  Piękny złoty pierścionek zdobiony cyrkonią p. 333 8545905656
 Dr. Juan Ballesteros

◇ ◇ ◇ ◇ ◇

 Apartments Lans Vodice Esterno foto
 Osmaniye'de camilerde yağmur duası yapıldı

◇ ◇ ◇ ◇ ◇

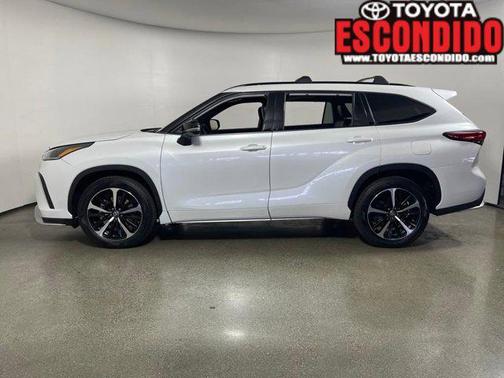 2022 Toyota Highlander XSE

◇ ◇ ◇ ◇ ◇

» **Activity**:
Would you retype exactly the lines above, from the line with "Apartments Lans Vodice Esterno foto" to the line with "Osmaniye'de camilerde yağmur duası yapıldı", with both end lines kept and nothing more?

» **Solved exercise**:
 Apartments Lans Vodice Esterno foto
 Osmaniye'de camilerde yağmur duası yapıldı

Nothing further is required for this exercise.